Validate, run pre-flight checks, and present. Same as feature workflow phases 7-8.

---

## Refactor/Chore Workflow (7 phases)

### Phase 1: Scope Definition (deep)

**Goal**: Define exactly what's being refactored and why.

Clarify with the user:
- What code needs refactoring?
- Why? (tech debt, readability, performance, new pattern adoption)
- What's the target end state?
- What must NOT change? (external behavior, APIs, interfaces)
- What's the acceptable risk level?

If the user describes the refactor vaguely (e.g., "clean up the auth module"), ask: What specifically is wrong with it today? What does "clean" look like? What would success look like?

This is NOT a UAT checkpoint — Scope Definition requires iterative back-and-forth until the scope is clearly defined.

### Phase 2: Current State Analysis [UAT]

**Goal**: Map what exists before changing it.

Follow the Exploration Phase Template. Launch 1-2 **code-explorer** agents:
- Agent 1: "Map the current architecture of [area to refactor]. Identify all files, dependencies, callers, and tests. List everything that would break if this code changed."
- Agent 2 (if large scope): "Find all usages of [thing being refactored] across the codebase. Include imports, type references, and indirect dependencies."

After agents return, build a dependency map.

**UAT topics**: all files involved, dependency map, callers, existing tests, breakage risks

### Phase 3: Scope Analysis & Decomposition [UAT]
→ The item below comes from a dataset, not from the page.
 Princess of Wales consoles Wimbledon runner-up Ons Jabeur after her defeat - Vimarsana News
Follow the Scope Analysis Phase Template using **refactor** metrics.

### Phase 4: Target State Design [UAT]

**Goal**: Define the end state concretely.
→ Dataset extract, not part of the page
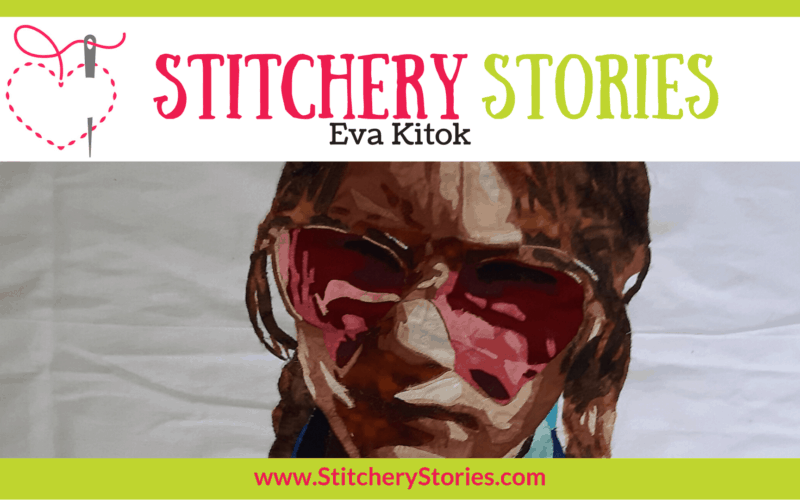 Eva Kitok guest Stitchery Stories textile art podcast Wide Art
- Present the target architecture with specific file changes
- Show how dependencies will be updated
- Identify breaking changes and migration path
- If adopting a new pattern, show examples of the pattern from the codebase (or propose one)

**UAT topics**: target architecture, file changes, dependency updates, breaking changes, migration path

### Phase 5: Migration Strategy [UAT]

**Goal**: Plan the safest path from current to target state.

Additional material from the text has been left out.